ALMA Basics

ALMA is an instrument composed of 50 dishes of 12 meters each, located on the Chajnantor plain at 5000m altitude. Initially, it is sensitive to wavelengths in the range 400 μm to 3 mm (84 to 720 GHz). The dishes can be moved around, in order to form arrays with different distributions of baseline lengths. More extended arrays will give high spatial resolution, more compact arrays give better sensitivity for extended sources. In addition to the main array, there is the Atacama Compact Array (ACA), consisting of twelve 7-m antennas and four 12-m antennas. This array will mostly stay in a fixed configuration and is used to image large scale structures that are not well sampled by the main ALMA array.

The design of ALMA was driven by three key science goals:

  1. The ability to detect spectral line emission from CO or CII in a normal galaxy like the Milky Way at a redshift of z=3, in less than 24 hours,
  2. The ability to image the gas kinematics in protostars and in protoplanetary disks around young Sunlike stars in the nearest molecular clouds (150 pc),
  3. The ability to provide precise high dynamic range images at an angular resolution of 0.1 arcsec.

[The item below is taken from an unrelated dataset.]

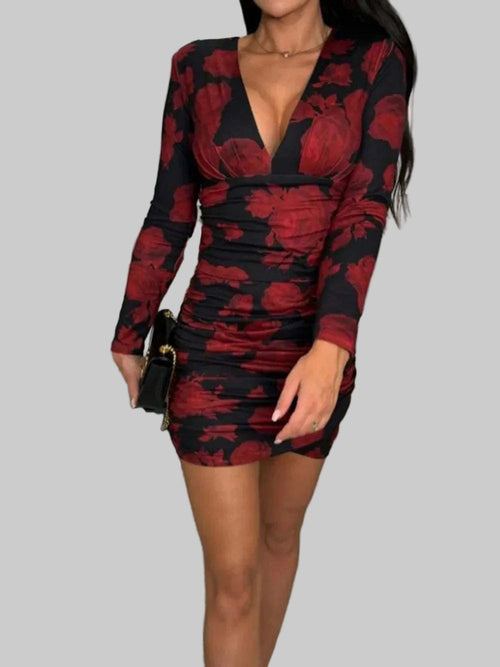 Ruched plunge long sleeve wrap dress with floral pattern.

ALMA delivers data cubes, of which the third axis is frequency. In this sense, the final data products are very much like that of an integral field unit with up to a million spaxels. An observer interested in continuum images may remove spectral regions with confusing line emission and then collapse the cube along the spectral axis. One interested in line emission may observe with a higher spectral resolution and subtract the continuum from the cube.

Proposing and observing

The ALMA users will interact with ALMA through the ALMA Regional Centers (ARCs). For European users, there is an ARC located at ESO, with various nodes distributed throughout Europe. Proposals will be submitted to the ARCs (Phase I) using the ALMA Observing Tool (OT). Successful applicants will have to prepare observing procedures (Phase II), also accomplished using the OT, which will be executed by the observatory staff. Astronomers will not visit the telescope to conduct their observations, mainly because projects will be executed depending to a large extent on the prevailing weather conditions which are of course not foreseeable in advance. The data will be pipeline processed and delivered to the user. For more details see Policies and Procedures.

Interferometry

An interferometer is an instrument for sampling the visibility function, which is the Fourier transform of the sky brightness distribution. This visibility function V(u,v) is measured as a function of position in the u-v plane. The coordinates u and v simply describe the vectorial separation between each pair of interferometer elements measured in wavelengths, as seen from the source.

In order to obtain images, the raw visibility data need to be Fourier transformed. When ALMA is operational, this imaging step, as well as various calibration steps, will be done in the data reduction pipeline. Thus, fully calibrated data cubes will be delivered to the user. However, the imaging (and subsequent deconvolution) is a non-unique procedure, so users may want to redo these steps to optimize the data products for their scientific objectives. The Common Astronomy Software Applications package (CASA) is currently under development for this purpose.